Rekomendasi kebutuhan serat untuk orang dewasa (19-29 tahun) adalah 25-30gr/
hari, sementara angka konsumsi rata-rata di Indonesia adalah 10,5 gr/hari. Untuk
memenuhi kebutuhan masyarakat akan serat pangan, produksi sayuran dalam
negeri perlu ditingkatkan.
Di sisi lain, produksi pertanian Indonesia terus menyumbang limbah yang
tidak diolah dan termanfaatkan. Limbah biomassa organik dari pertanian,
kehutanan, dan sumber lainnya diestimasikan mencapai 200.000.000 ton/tahun,
yang setara dengan 236.712.328 Joule energi per tahunnya. Namun, hanya sekitar
0,64% dari limbah tersebut sudah dimanfaatkan. Salah satu alternatif pemanfaatan
limbah adalah produksi pupuk organik menggunakan cacing tanah melalui proses
vermicomposting untuk menghasilkan vermikompos. Penggunaan vermikompos
juga dapat mengurangi penggunaan pupuk kimia, menjadi solusi perbaikan lahan
kritis, alternatif pengolahan limbah yang rendah biaya & energi, serta menjadi
sumber nutrisi bagi tanaman.
Sistem produksi biomassa pada pra-rancangan dipilih berdasarkan hasil
penelitian Tugas Akhir 1 yaitu budidaya selada keriting (Lactuca sativa L.) pada
lahan terbuka dengan pemberian vermikompos. Berdasarkan hasil penelitian Tugas
Akhir 1, penggunaan vermikompos pada lahan budidaya selada mampu
menghasilkan produktivitas sebesar 19,23 ton/ha. Proses budidaya dilakukan
dengan menambahkan vermikompos sebanyak 7,5 gr/ tanaman pada pengolahan
lahan sebagai upaya perbaikan lahan sebelum masa tanam. Dosis kedua
vermikompos sebanyak 2,5 gr/ tanaman ditambahkan di tengah masa budidaya (21
HST) dimana tingkat penyerapan nitrogen sedang meningkat. Hasil penelitian
Tugas Akhir 1 menunjukkan kandungan serat terus meningkat hingga 35 HST,
kemudian menurun pada 42 HST yang disertai dengan munculnya rasa pahit pada
selada. Oleh karena itu, ditentukan masa panen pada rentang 32-38 HST untuk
memastikan produk selada memiliki kandungan serat yang tinggi serta memiliki
rasa yang tidak terlalu pahit.
Pada pra-rancangan ini, dipilih sistem produksi budidaya selada yang
terintegrasi dengan produksi vermikompos. Pra-rancangan sistem ini merupakan
scale up dari pilot scale penelitian sebelumnya (26 m2) menjadi full scale (340,4
m2). Skema lahan terdiri dari 3 plot, dengan masing masing plot berisi 4 subplot
seluas 4,7 m x 5,5 m yang ditanami 400 tanaman selada secara bergilir untuk
memastikan produksi dapat secara kontinu memenuhi kebutuhan pasar. Lokasi
usaha budidaya terletak di Haurngombong, Kecamatan Pamulihan, Kabupaten
Sumedang, Jawa Barat. Lokasi tersebut berada pada titik koordinat S06°54’22.2”

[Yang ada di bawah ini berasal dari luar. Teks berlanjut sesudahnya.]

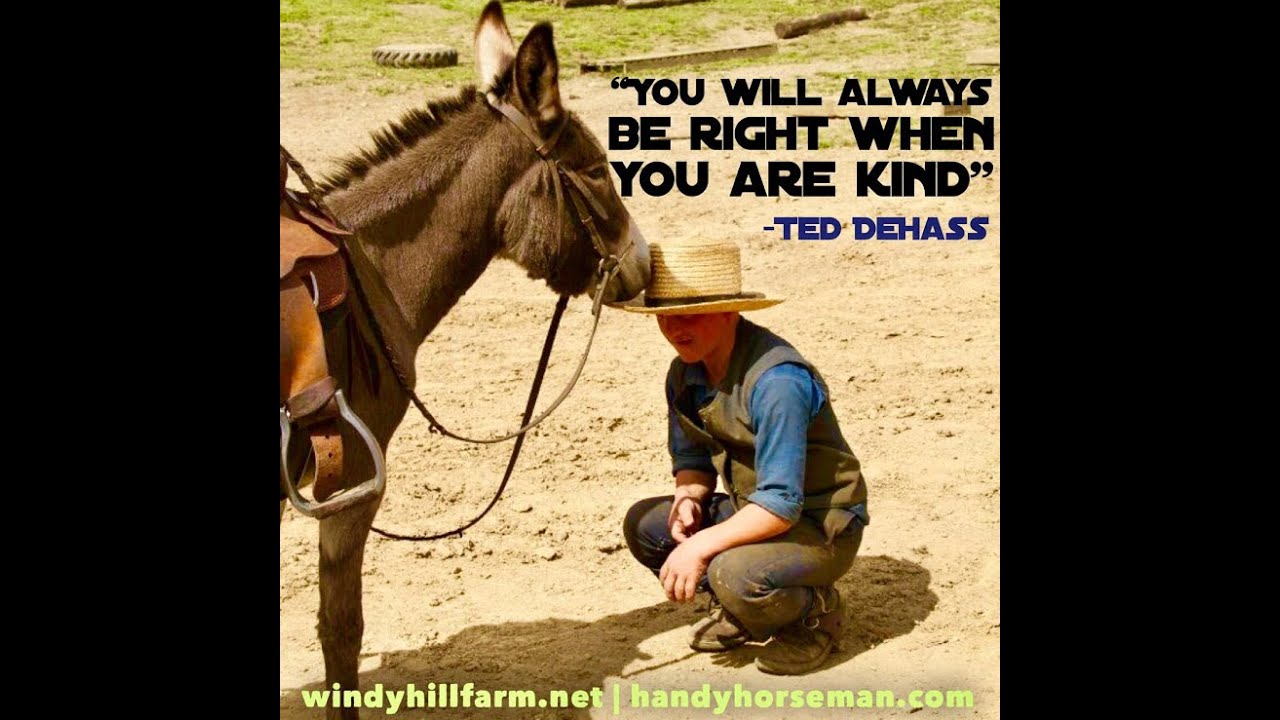 How To Deal With Horse Behavioral Problems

E107°50’07.8” dengan ketinggian 893 mdpl. Total luas lokasi usaha adalah sebesar
636,4 m2 yang terdiri dari lahan budidaya, area produksi vermikompos, area parkir,
bangunan pengolahan pascapanen, bangunan kantor, bangunan gudang, dan
screenhouse pembibitan.
Pra-rancangan terdiri dari 4 subsistem, yaitu subsistem pengolahan lahan,
subsistem penyemaian, subsistem budidaya selada, dan subsistem produksi
vermikompos yang saling terintegrasi. Produksi vermikompos dilakukan untuk
memanfaatkan limbah dari sistem budidaya selada, sekaligus limbah dari hasil
pertanian dan peternakan sapi di sekitar lokasi budidaya. Neraca massa total pada
subsistem produksi vermikompos sebesar 135,42 kg/siklus produksi; dengan neraca
energi sebesar 922.831,86 kJ/siklus produksi. Pada subsistem pengolahan lahan,
neraca massa total sebesar 5.195,39 kg/siklus produksi dengan neraca energi total
sebesar 370.244,9 kJ/siklus produksi. Kemudian pada subsistem penyemaian,
neraca massa total sebesar 15,55 kg/siklus produksi; neraca energi total sebesar
12.284,24 kJ/siklus produksi. Lalu neraca massa total pada subsistem budidaya
selada adalah sebesar 12.596,65 kg/siklus produksi; dengan neraca energi total
sebesar 7.301.468,77 kJ/siklus produksi.
Untuk menjalankan pra-rancangan ini, dibutuhkan biaya investasi awal
sebesar Rp140.537.500,00 serta biaya operasional sebesar Rp108.923.521,86 pada
tahun pertama. Produk selada kemudian akan dijual dalam kemasan 250 gr,
sementara produk vermikompos dalam kemasan 5 kg. Produk selada dengan
kapasitas produksi 13.187 kemasan pada tahun pertama, selanjutnya akan dijual
dengan skema Business-to-Business (B2B) pada pasar supermarket dan skema
Business-to-Customer (B2C) yaitu melalui penjualan langsung pada lokasi
budidaya dan penjualan melalui marketplace online. Dari skema tersebut,
pendapatan dari penjualan produk selada adalah Rp147.465.750,00 pada tahun
pertama. Kemudian, penjualan produk vermikompos dengan kapasitas produksi
862 kemasan pada tahun pertama dilakukan menggunakan skema penjualan
langsung pada konsumen, sehingga diperoleh pendapatan tahun pertama sebesar
Rp20.795.750,00.
Pra-rancangan usaha budidaya selada yang diintegrasikan dengan produksi
vermikompos akan menerima keuntungan apabila tercapai Break Even Point (BEP)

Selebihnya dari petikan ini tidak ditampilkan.